INDIGNATION
(director/writer: James Schamus; screenwriter: based on a Philip Roth novel; cinematographer: Christopher Blauvelt; editor: Andrew Marcus; music: Jay Wadley; cast: Logan Lerman (Marcus Messner), Sarah Gadon (Olivia Hutton), Tracy Letts (Hawes Caudwell), Linda Emond (Esther), Danny Burstein (Max Messner, the butcher father), Ben Rosenfield (Bertram Flusser), Pico Alexander (Sonny Cottler), Philip Ettinger (Ron Foxman), Noah Robbins
 (Marty Ziegler), Richard Topol (Mo Greenberg); Runtime: 110; MPAA Rating: NR; producers: Anthony Bregman/ James Schamus/Rodrigo Teixeira; Likely Story/Symbolic Exchange; 2016)
“Schamus richly captures the angst of his Jewish protagonist, who is the alter ego of the author as a college student on a campus of mostly gentiles.”

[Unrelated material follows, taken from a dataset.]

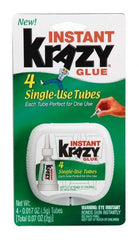 Krazy Glue - 0.17 oz Tube Clear Instant Adhesive - 1 min Working Time, Bonds to Ceramic, Leather, Metal, Plastic, Porcelain, Rubber, Vinyl & Wood - First Tool & Supply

Reviewed by Dennis Schwartz
Columbia University professor, screenwriter and producer James Schamus tries his hand at directing in this intelligent period piece coming-of-age drama, which is his directing debut. The film is based on the deeply personal 2008 novel by Philip Roth. As a rule, Roth novels do not translate well to the big screen. But this film is the exception. Schamus richly captures the angst of his Jewish protagonist, who is the alter ego of the author trying to find his identity as a college student on a campus of mostly gentiles. In 1951, the Newark, New Jersey, 18-year-old Marcus Mesner (Logan Lerman) gets away from his overbearing kosher butcher father Max (Danny Burstein) and over-protective mom (Linda Emond) by accepting a scholarship to the small Winesburg College, a mostly Christian school in Ohio. College admission also allows him a draft exemption and to miss the Korean War. The indignant, idealistic and atheistic diligent student refuses to mingle with the school’s small Jewish community. Instead he finds a tentative romance with a beautiful but suicidal shiksa classmate, Olivia Hutton (Sarah Gadon), who gives the virgin head unexpectedly on their first date. The playwright Tracy Letts is engaging playing the dean trying to bully the secular student to attend chapel at least 10 times, in compliance with the college policy. Their 15-minute intellectual debate is the film’s centerpiece, showing the dean entrenched in the status-quo while the student rebels against such conservative values. The gentle but provocative violin score by Jay Wadley, the well-presented period details, the fine ensemble acting and the solid art-house presentation of a loner trying to figure things out for himself, without support from adults, makes for a better than average adult drama.